Oh, those good old days.
The exhilaration that you and your college buddies felt when you “borrowed” your frat brother’s car—until he filed a stolen property report.
The pride you felt standing up for the rights of all humans in that huge downtown protest—until you got slapped with those remarkably tight handcuffs.
The hopes you had when you joined that “too good to be true” startup company—until you discovered they’d made you a scapegoat in some rather sketchy activities.
We’ve all got something. We’ve all got moments from our past that we consider “dirt.”
And some of us have “dirt” that, if discovered, could potentially foul up our ability to land an amazing job.
So how do you get past your past in a job interview, when something in it is not only sketchy, but also public record? While it certainly depends on the magnitude of your indiscretion, here are four general tips on dealing with the dirt.
1. Know It
The first thing you need to do is fully digest that thing you did and then consider how it may impact your job search efforts. This is no time to be the ostrich with your head stuck in the sand. Mosey over to the internet and figure out where your “checkered past” information appears online, or where it may someday. As a recruiter, I most often find dirt on a job seeker within online news articles, on message boards, and in social media profiles. I also sometimes find arrest records or court information.
And if you can find it? So can every recruiter or interviewer you meet. Know what’s out there and, in every instance that you can clean things up (e.g., deleting those Facebook photos), do. If it’s not a matter of waving a magic wand and making it go away, then it’s time to strategize.
2. Don’t Lie About It
I once had a star candidate who was in the final stretch for a job that he really wanted. It was a job that did not require a college degree, yet—for some insane reason—he stated on his resume that he had completed his bachelor’s. In reality, he was a few credits short. And the company discovered this (easily) through the company’s standard degree check process. He did not get the job.
No matter what you’re thinking you’d rather hide, know that you just can’t lie. Because when someone finds out, you’re done. So, if a job application asks you to list any criminal record—and you have one—fill that puppy out. Honestly.
3. Try Hitting it on the Head
Perhaps the best way to deal with the dirt in a job interview is to disclose it proactively. When you do this, you have an opportunity to manage the message (the same one that your potential employer will likely find anyway) and put a positive spin on the story.
For instance, say you got caught stealing beer from the neighborhood 7-Eleven a decade ago and had to complete 100 hours of community service. You might consider sharing with the interviewer how, through this incredibly stupid decision, you were introduced to some amazing nonprofit organization that you’re now deeply involved with.
If you don’t mention the arrest and frame it in a favorable light, that interviewer may just find the police report instead—which won’t showcase what you learned through the experience or the good that came out of it.
4. Don’t Try to Wing It
Whatever you do, don’t walk into that interview without a solid idea in mind of how you’re going to address the dirt. People say the darnedest things when they try to wing it. And by darnedest, I don’t generally mean “most brilliant.”

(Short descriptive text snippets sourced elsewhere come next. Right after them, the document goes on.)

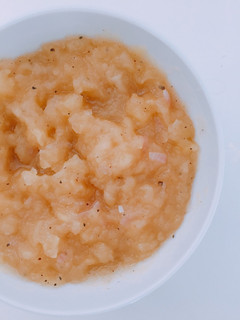 Una foto de Compota de manzana y canela, acompañamiento para carnes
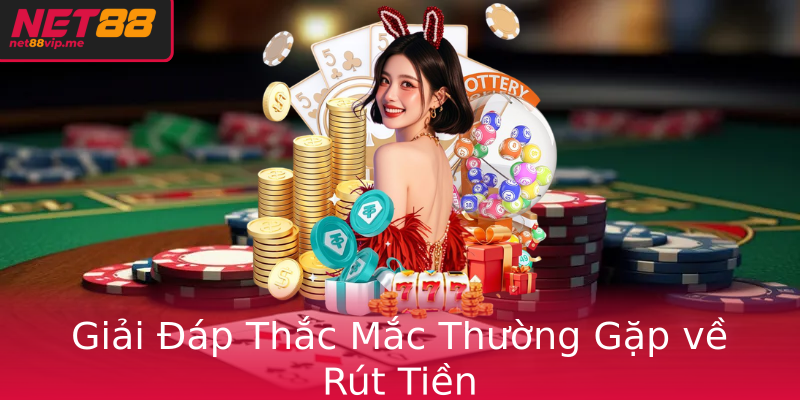 Giải Đáp Thắc Mắc Thường Gặp về Rút Tiền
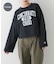 『別注』Champion×SENSE OF PLACE　カットオフスウェット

Certainly, you might want to wait for an appropriate segue to cover the topic. But it can also work if you're upfront about the topic early on in the interview. Consider something like, “I’ve overcome a lot in the last decade, including some things I brought on myself. But the great part about making mistakes early on in your adulthood? You get to take the lessons learned and become a person that you’d be proud to hang out with.”
Finally, remember this: The past does not define your future. If you’re the perfect candidate for the job—and you own up about your past—an employer is likely to forgive and forget. No matter what you got yourself into two, five, or 10 years ago, you’ve got a whole lot of career runway in front of you.
Just don’t jet down that runway in your frat brother’s vehicle. Unless you have express permission.